In forming our causal accounts of phenomena, however, we tend to overlook the role of chance—the unexplainable variation or noise that pervades our acquired data. The survival of a particular tribe does not depend on the numeric average of an infinite ideal population, but rather on the hunters returning to the village with meat. And we all know that to arrive at the average necessitates our surrendering at least some of the details that give sense to the world. Human survival profoundly hinges on an uncanny ability to decipher sensible patterns amidst an overwhelming flux of peripheral stimuli, in practice ignoring the chance part of the equation. Although it is an unavoidable truth that we often make mistakes, the fact that we continue to stick around might be living proof that we are right more often than not; so, perhaps the law of small numbers is not so bad after all.”

— From “Small samples and evolution: did the law of small numbers arise as an adaptation to environmental challenges?” (Navarrete, Santamaría, & Froimovitch, 2015). However, note that the authors themselves state that this kind of evolutionary argument should be treated with caution.

In addition, Daniel Kahneman, one of the two researchers who first identified this phenomenon in the early 1970s, also said the following about it, several decades later:

“Thanks to recent advances in cognitive psychology, we can now see clearly what Amos and I could only glimpse: the law of small numbers is part of two larger stories about the workings of the mind.

  • The exaggerated faith in small samples is only one example of a more general illusion—we pay more attention to the content of messages than to information about their reliability, and as a result end up with a view of the world around us that is simpler and more coherent than the data justify. Jumping to conclusions is a safer sport in the world of our imagination than it is in reality.
  • Statistics produce many observations that appear to beg for causal explanations but do not lend themselves to such explanations. Many facts of the world are due to chance, including accidents of sampling. Causal explanations of chance events are inevitably wrong.”

— From “Thinking, Fast and Slow“ (Kahneman, 2011)

Finally, various factors can influence the likelihood that people will display belief in the law of small numbers in different circumstances. For example, when it comes to drawing generalizations about group members from the behavior of one of its members, people are more likely to display belief in the law of small numbers with regard to people who are not part of their social group (i.e., people who are in their outgroup, rather than their ingroup).

 

Association with the law of large numbers

The law of small numbers can be understood in relation to the law of large numbers, which is a concept in probability theory that denotes that as the size of a sample increases, the sample will generally become more representative of the population from which it is drawn, especially initially.
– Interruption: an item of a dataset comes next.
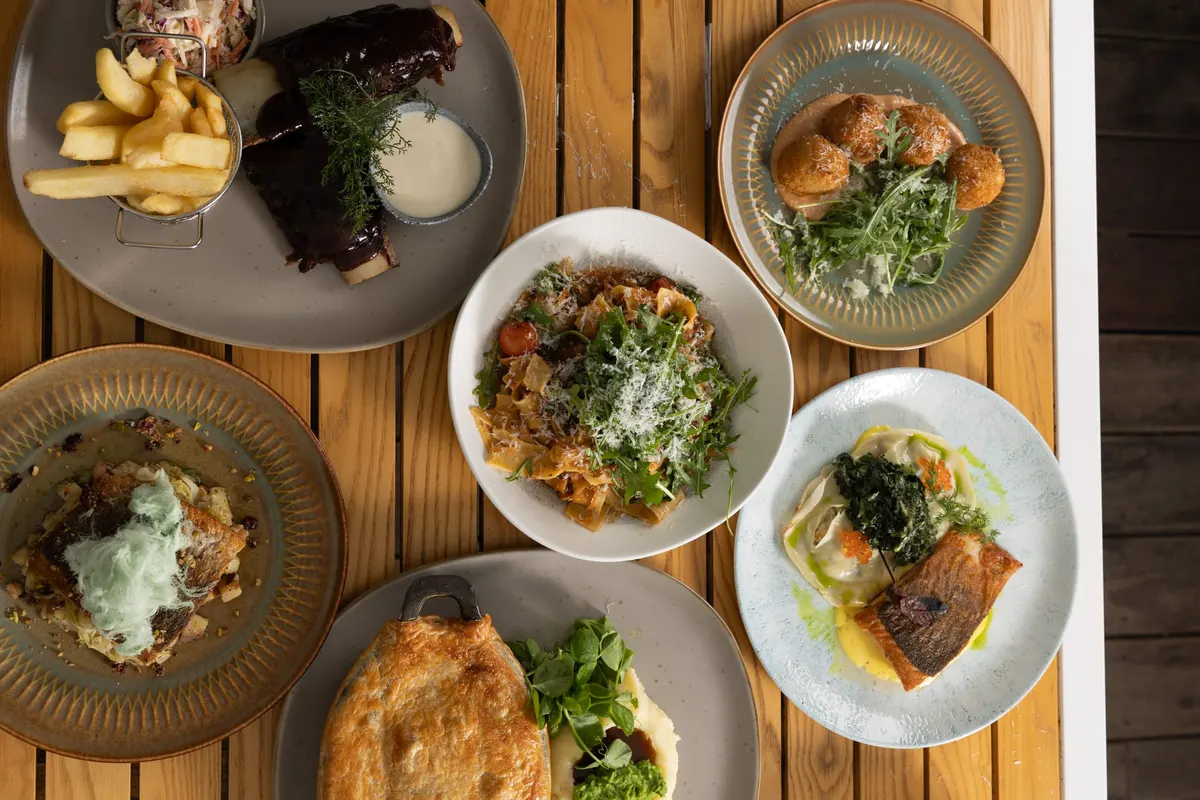 Shared plates of chips, salads and grilled mains on a timber table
This law means, for example, that in the case of a fair coin toss, the ratio between heads and tails is more likely to be close to 1:1 in a series of 100 coin tosses than in a series of 10 tosses. As one work on the topic notes:

“The Law of Large Numbers states that larger samples provide better estimates of a population’s parameters than do smaller samples. As the size of a sample increases, the sample statistics approach the value of the population parameters. In its simplest form, the Law of Large Numbers is sometimes stated as the idea that bigger samples are better.”

— From “Law of Large Numbers” in the Encyclopedia of Research Design (2012)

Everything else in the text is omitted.